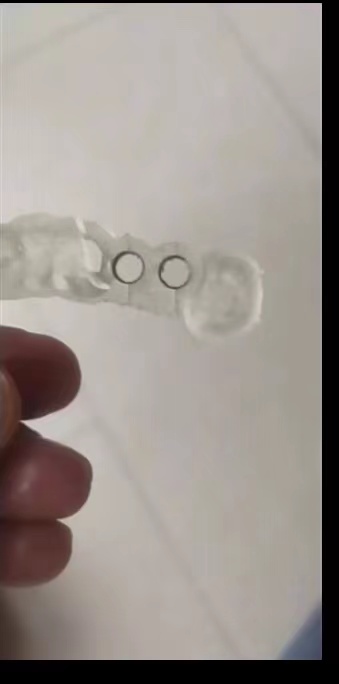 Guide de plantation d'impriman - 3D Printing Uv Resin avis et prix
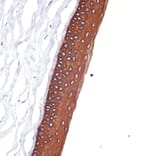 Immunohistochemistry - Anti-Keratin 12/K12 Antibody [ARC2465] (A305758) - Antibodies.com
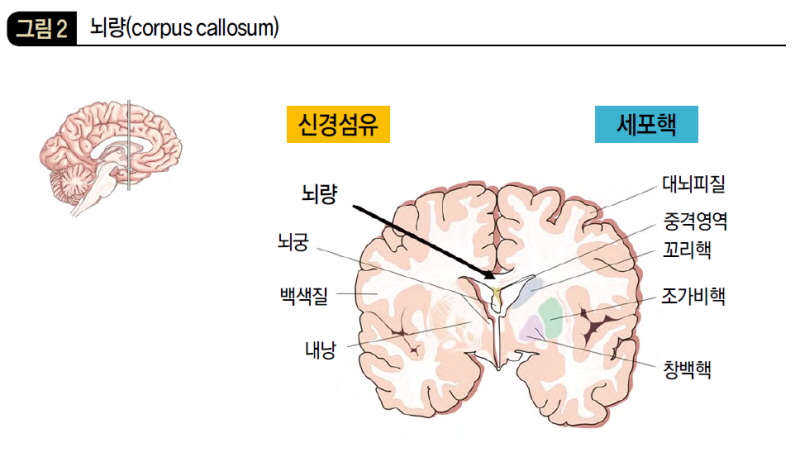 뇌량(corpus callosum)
━━━━━━━━━━
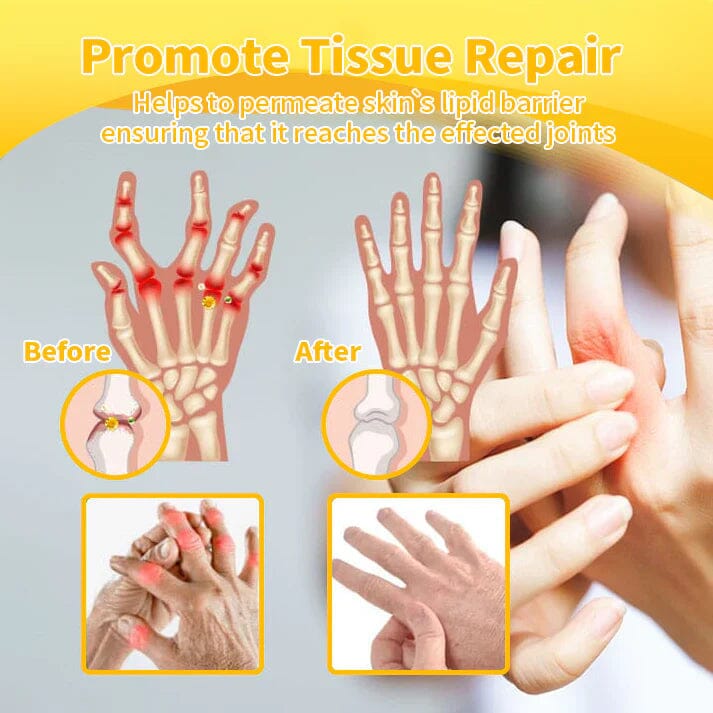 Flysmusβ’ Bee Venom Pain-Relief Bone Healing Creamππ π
━━━━━━━━━━
» **Work instructions**: Look above and copy only the lines from the one holding "Immunohistochemistry - Anti-Keratin" to the one holding "뇌량(corpus callosum)", both included, exactly, minus the pictures.

» **Your solution**:
 Immunohistochemistry - Anti-Keratin 12/K12 Antibody [ARC2465] (A305758) - Antibodies.com
 뇌량(corpus callosum)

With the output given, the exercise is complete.